▸ Required work
Look below for the line with "Bílá podprsenka Victorias Secret - foto č. 1"; begin the copy there and stop after the line with "13724 Monterey Ln — Photo 2", keeping the text exact and the pictures out.

▸ Exercise data
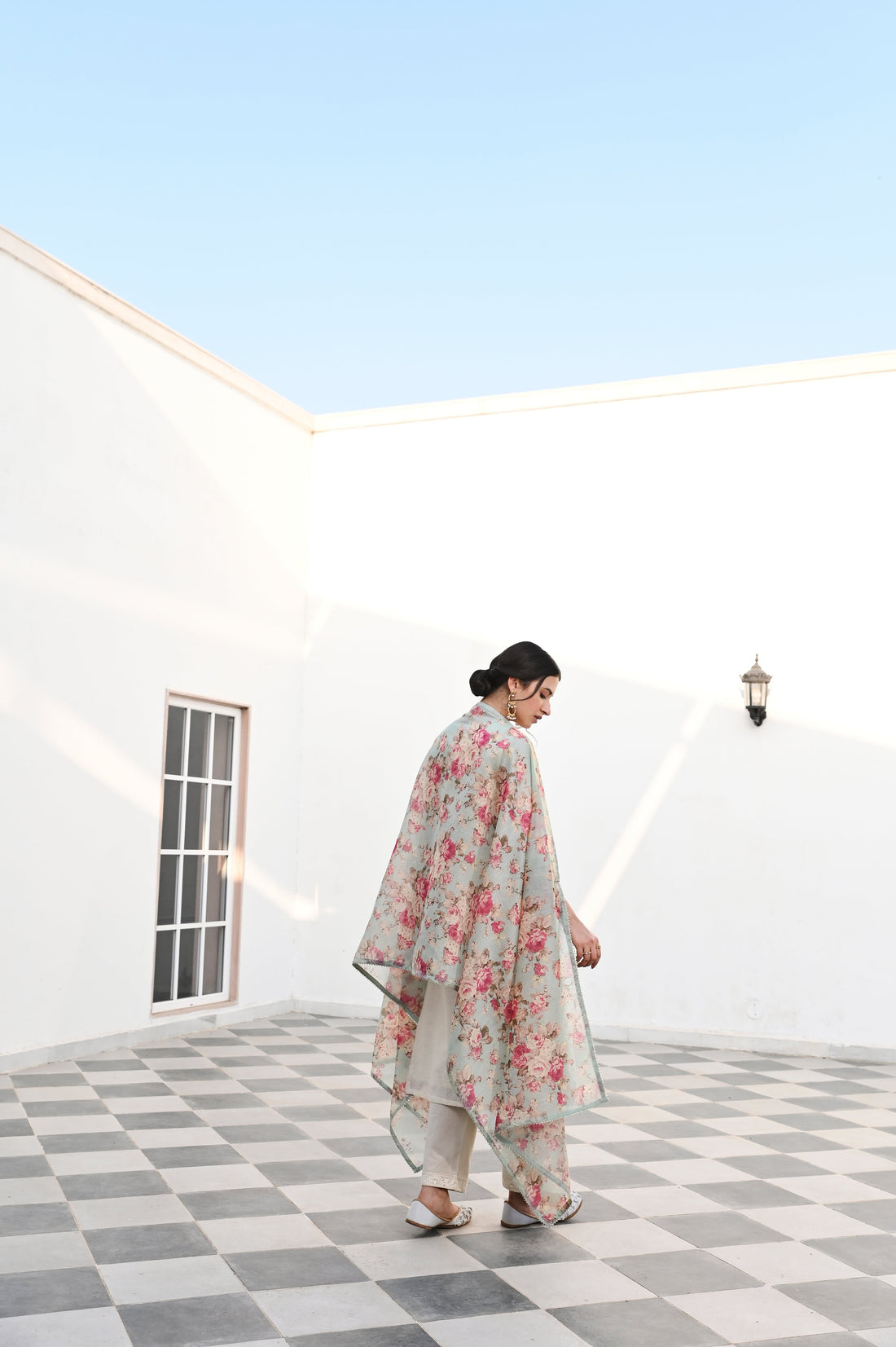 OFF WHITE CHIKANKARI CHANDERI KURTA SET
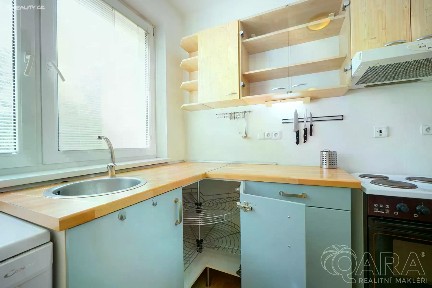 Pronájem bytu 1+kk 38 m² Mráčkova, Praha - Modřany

* * *

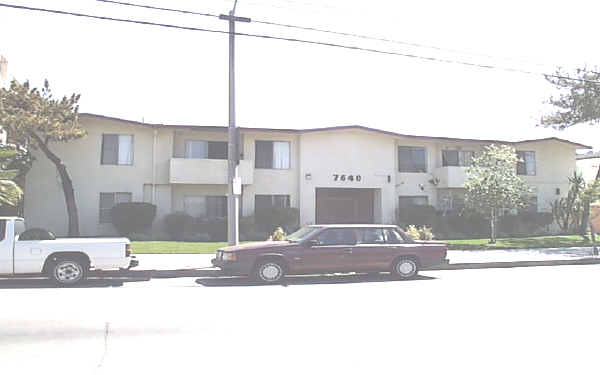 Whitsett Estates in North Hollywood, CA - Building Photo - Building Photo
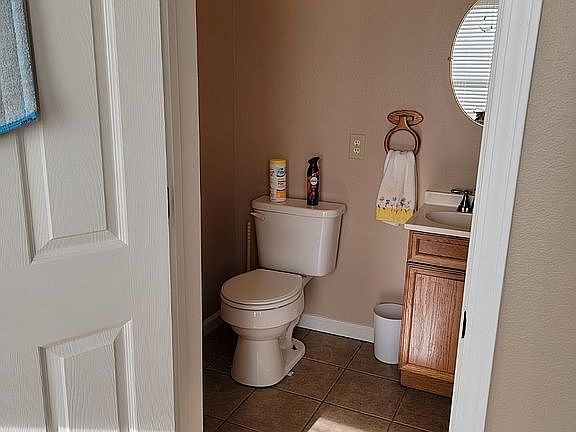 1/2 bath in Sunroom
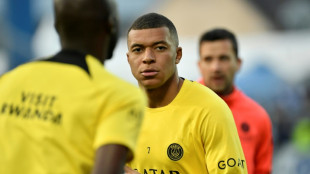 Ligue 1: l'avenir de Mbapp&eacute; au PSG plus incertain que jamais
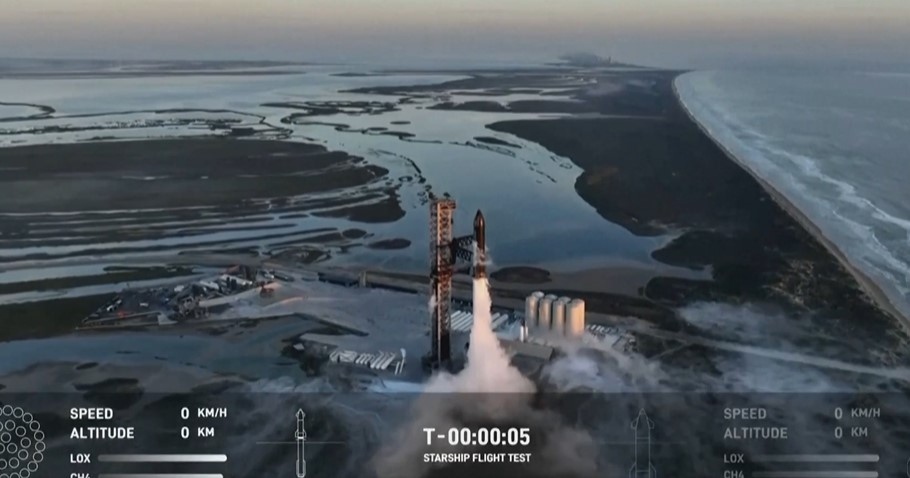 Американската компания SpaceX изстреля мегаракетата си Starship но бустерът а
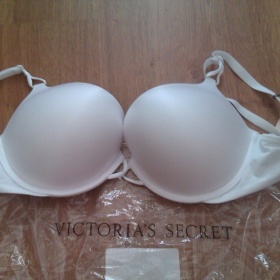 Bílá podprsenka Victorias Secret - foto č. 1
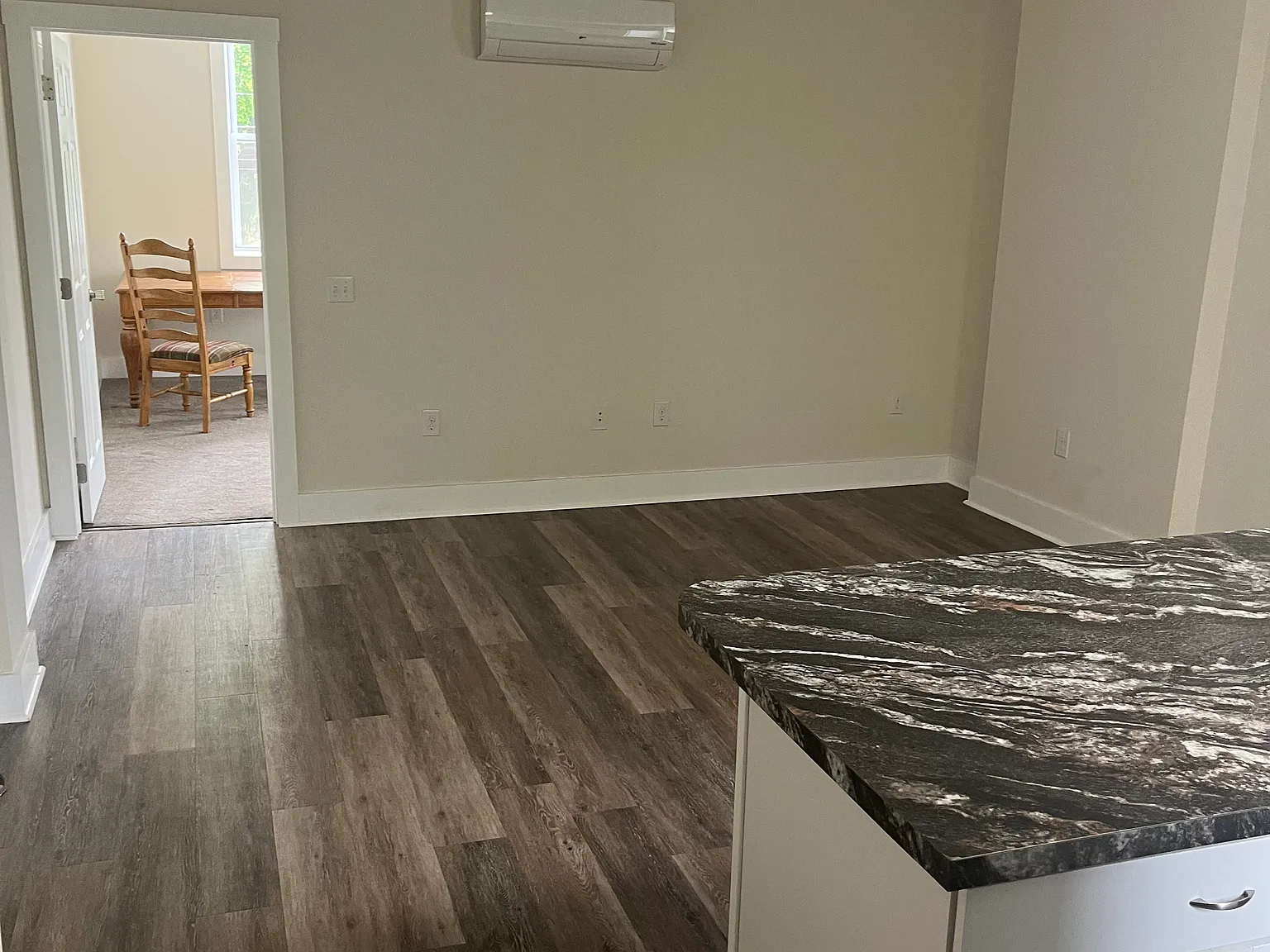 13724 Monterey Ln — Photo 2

▸ Exercise answer
 Bílá podprsenka Victorias Secret - foto č. 1
 13724 Monterey Ln — Photo 2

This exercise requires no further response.